Given that red dwarf stars make up the vast majority of stars in a galaxy and that these stars can live for trillions of years, most of the stellar evolution that will occur has yet to occur. In the far future universe, red dwarf stars will play an increasingly important role in contributing to the total luminosity of a galaxy as the rate of star formation decreases and as the more massive stars in the galaxy age and fade away. This is because the gradual increase in the luminosities of red dwarf stars nearly compensates the loss in luminosity as the rate of star formation declines and as the more massive stars fade away. This ultimately causes the total luminosity of the galaxy to remain fairly constant over trillions of years.

Friday, June 4, 2010

Intergalactic Wanderer

Hypervelocity stars are stars with sufficiently large velocities that they are no longer gravitationally bound to the galaxy. While ordinary stars have velocities on the order of 100 kilometers per second, hypervelocity stars have velocities on the order of 1000 kilometers per second. At such velocities, hypervelocity stars will escape their home galaxy forever and become lone wanderers of intergalactic space. In February 2010, I wrote and posted a short article about hypervelocity stars, including possible mechanisms that can lead to such stars.

For a moment, imagine a Sun-like hypervelocity star with an entire system of planets orbiting it, where one of the planets is an Earth-like world that is not too different from ours. The Sun-like star and its system of planets are traveling in excess of 1000 kilometers per second, on a trajectory that has already taken them far from the home galaxy. How will the night sky from the surface of such an Earth-like world appear as it wanders the dark and immense distances of intergalactic space?

In the vast and starless voids of intergalactic space, the night sky from the surface of this Earth-like planet will be totally devoid of any stars. Assuming that the Earth-like planet and its parent star left their home galaxy a hundred million years ago, an alien observer on the surface of the Earth-like planet will be able to see the entire galaxy as a disk of wispy arms spiraling out from a glowing central bulge. The galaxy will span across a huge swath of the starless night sky and none of the hundreds of billions of stars that make up the galaxy will be individually distinguishable with unaided eyes. Every several years or so, a star in the galaxy will end its life in a supernova explosion and it will appear as a brilliant point of light which will suddenly appear and gradually fade.

It may take a huge leap of imagination and ingenuity for an extraterrestrial civilization living on this planet to realize that each of the hundreds of billions of miniscule points of light that comprise the galaxy are actually stars not too different from their yellow Sun.
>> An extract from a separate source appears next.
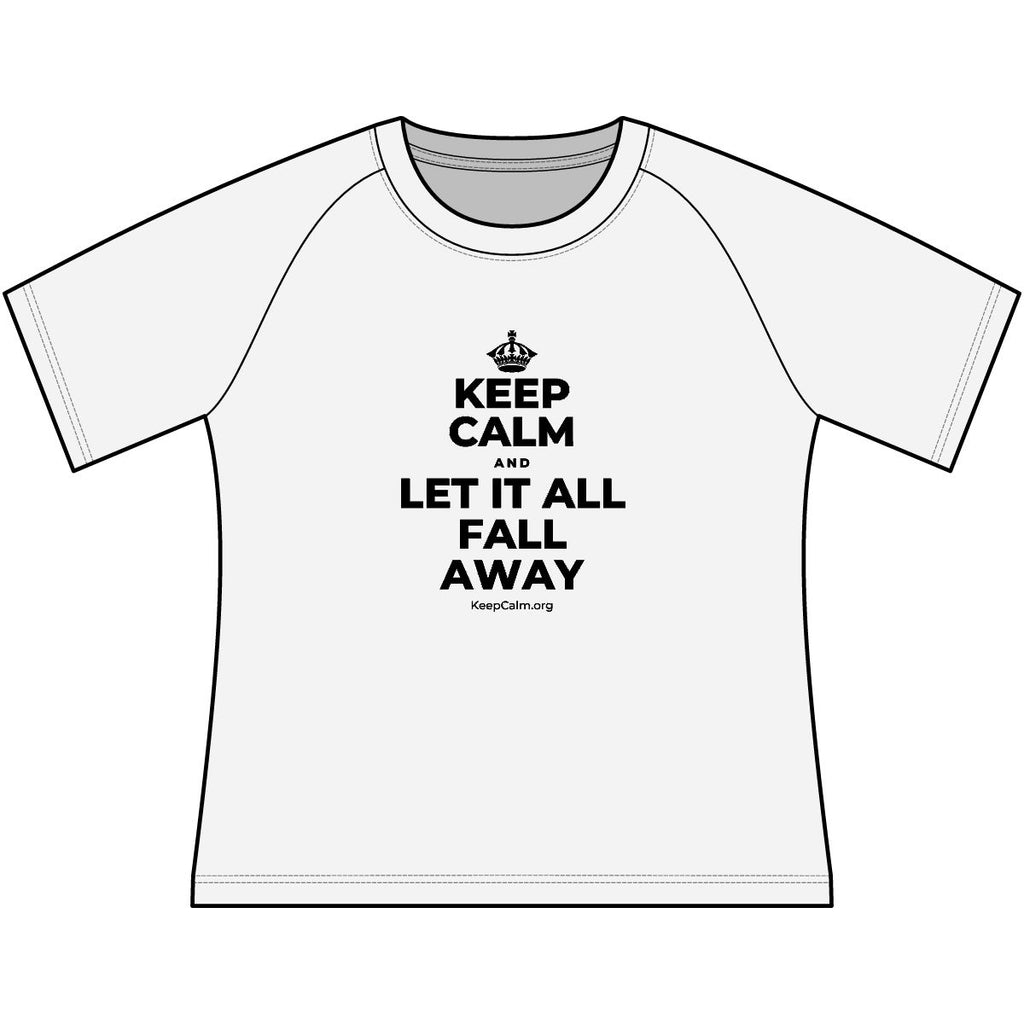 KEEP CALM AND LET IT ALL FALL AWAY Women's Raglan Tee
Imagine the idea of interstellar space travel in such a scenario where instead of a mere 4.37 light years away, the nearest stars are many thousands of light years away! Additionally, this extraterrestrial civilization might even contemplate about the possibilities of other extraterrestrial civilizations living on worlds within the galaxy and how these civilizations might possibly figure out the shape of the galaxy in which they live in!